As the 30th anniversary of Super Mario Bros approaches (and with it the release of Super Mario Maker, which will allow users to create their own Mario worlds), creators Shigeru Miyamoto and Takashi Tezuka shared some of the creative team’s secrets with Boing Boing. Chief among them is that workers at Nintendo would initially draw courses on graph or tracing paper, and programmers would then code them into the game.

With this revelation, Mr. Tezuka has validated the do-it-yourself aesthetic that many Mario fans have cultivated for years. Whether using animation, martial arts or music, countless video game nerds have put their own spin on Mario’s world.

Some gamers have made strides without even leaving the game itself. Case in point: earlier this year Mario player SethBling showed us all how it was done when he beat Super Mario World in under five minutes. SethBling achieved this speedrun by combining glitches already present in the game with new ones that he executed; this lethal combination created actionable code. Players who use this wormhole are transported right to the game’s end credits, without having to deal with one challenge. On his first try, SethBling beat the game in 5:59, but after some more clever code exploitation he got his time down to 4:49.
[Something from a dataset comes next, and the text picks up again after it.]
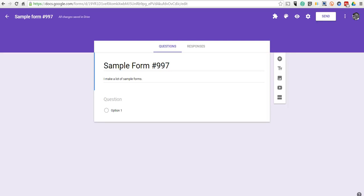Hi, this is Richard Byrne. In this video, we're going to take a look at the new image options in Google Forms.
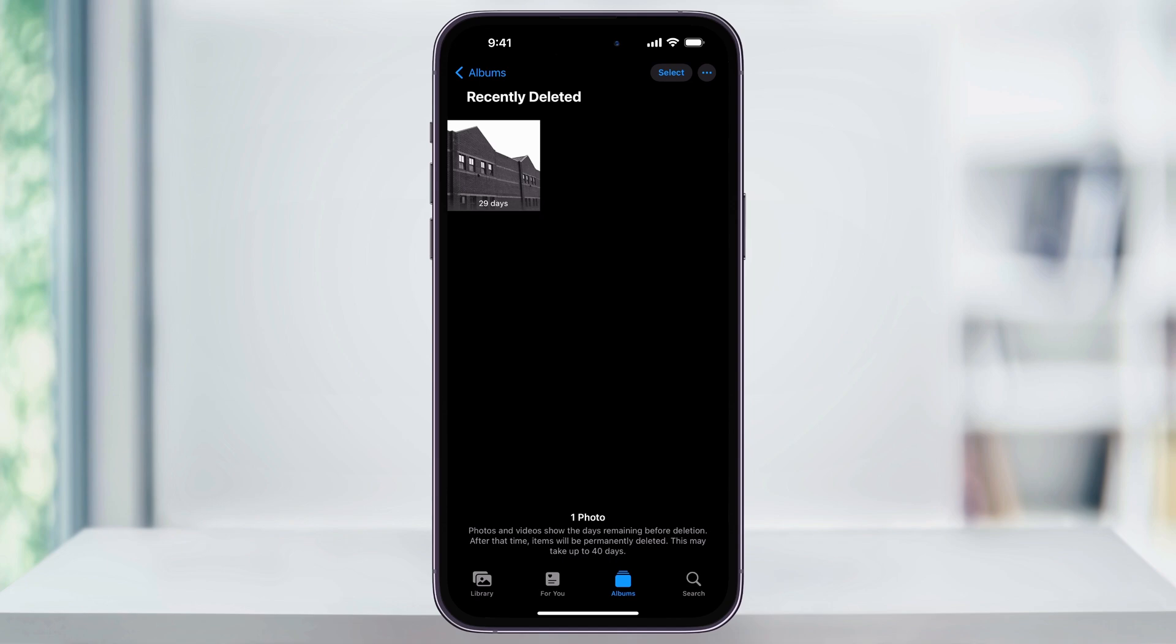So now you've just added another layer of privacy on both of those albums if you want it. And in the future, again, if you ever want to turn this off,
If coding isn’t your cup of tea, you can always create your own Mario/Luigi narrative with some clever editing. That’s what YouTuber MJacobBarker did when he created the two-part opus “Luigi trys to kill Mario” (sic). The videos basically consist of the two characters chasing each other and engaging in staring contests, interspersed with shots of Mario sleeping and Luigi wearing angel wings. (First video is below, second one is linked in the sidebar).
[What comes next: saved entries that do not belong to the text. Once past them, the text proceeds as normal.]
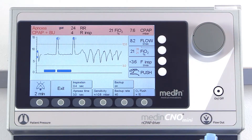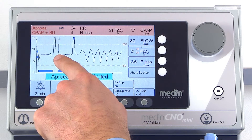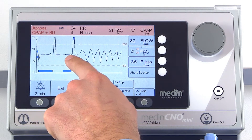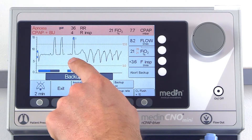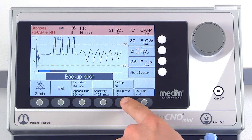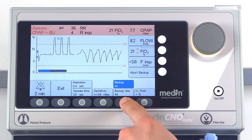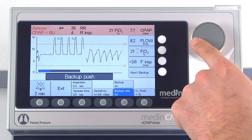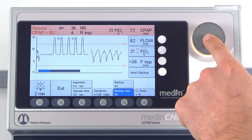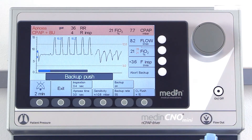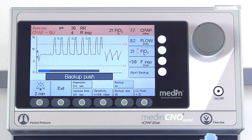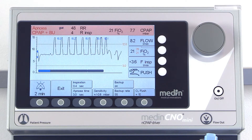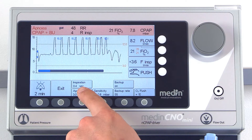The backup rate can range from anywhere between 10 and 120 breaths per minute. The rate for the backup depends on the selected inspiratory time.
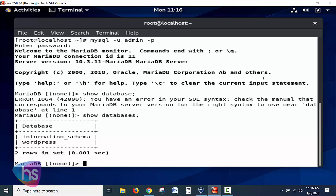To summarize: we created the database instance, created the username and password, granted permissions to access that particular instance, flushed the privileges to update credential settings, and tested everything using the newly created admin credentials. In the next session we will install the WordPress environment using this 'wordpress' database instance. Thank you.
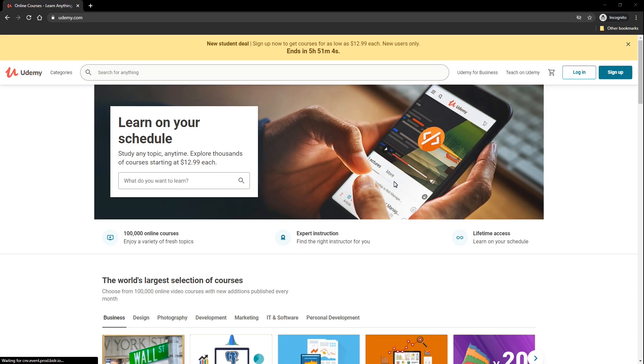To do this we need to have two things. First one is Udemy.com website and also we need to have a software called Telegram. I believe most of you know about this application. If you don't know, don't worry, I will teach you everything from scratch.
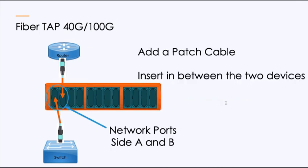So if we connect it up, just like before, I would unplug either the router or the switch side, go into side A, take a patch cable coming out of side B into the original device. And again, bump in the road.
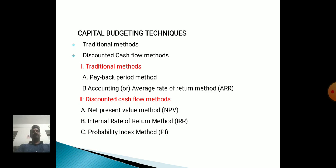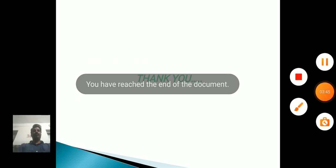Capital Budgeting Techniques: 1. Traditional Methods. 2. Discounted Cash Flow Methods. Under Traditional Methods: 1. Payback Period. 2. Accounting or Average Rate of Return. Under Discounted Cash Flow Methods: 1. Net Present Value Method. 2. Internal Rate of Return Method. 3. Profitability Index Method.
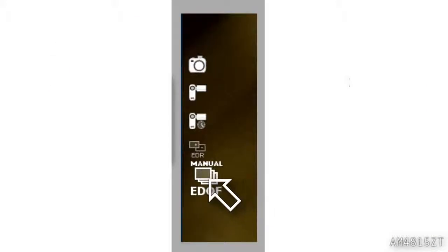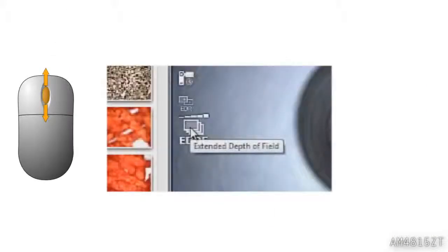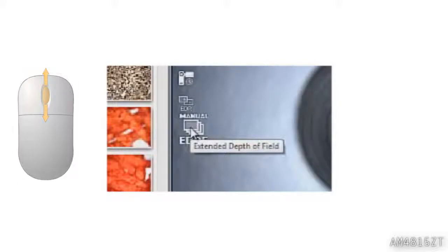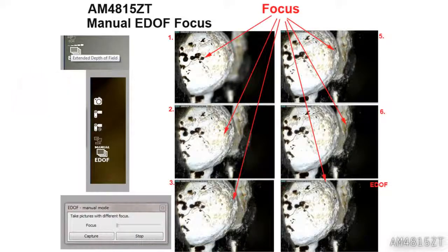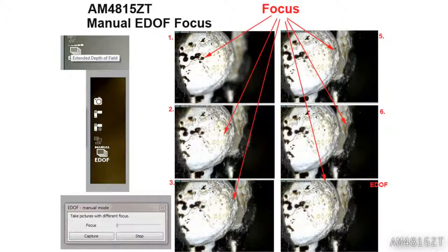Hover over the EDOF button, use the mouse scroll, and cycle to Manual mode, then click to open the menu window.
Some Mario fans have tried to bring the game’s moves into the real world. California’s Tempest Freerunning Academy produced a Mario-inspired promo video for their gym, featuring employees running and jumping off the walls while demonstrating parkour, the closest you can get to being Mario in real life. (Bonus: the video is set to an awesome remix of Ellie Goulding’s “Lights”).

And finally, even if you don’t have the physical agility to bounce off walls like Mario, indie rock band Minibosses proves that all you need to feel like you’re in the game is an electric guitar. On their album Brass, they include a medley of music from Super Mario Bros 2 so Mario fans can rock out even when they’re not at the controller.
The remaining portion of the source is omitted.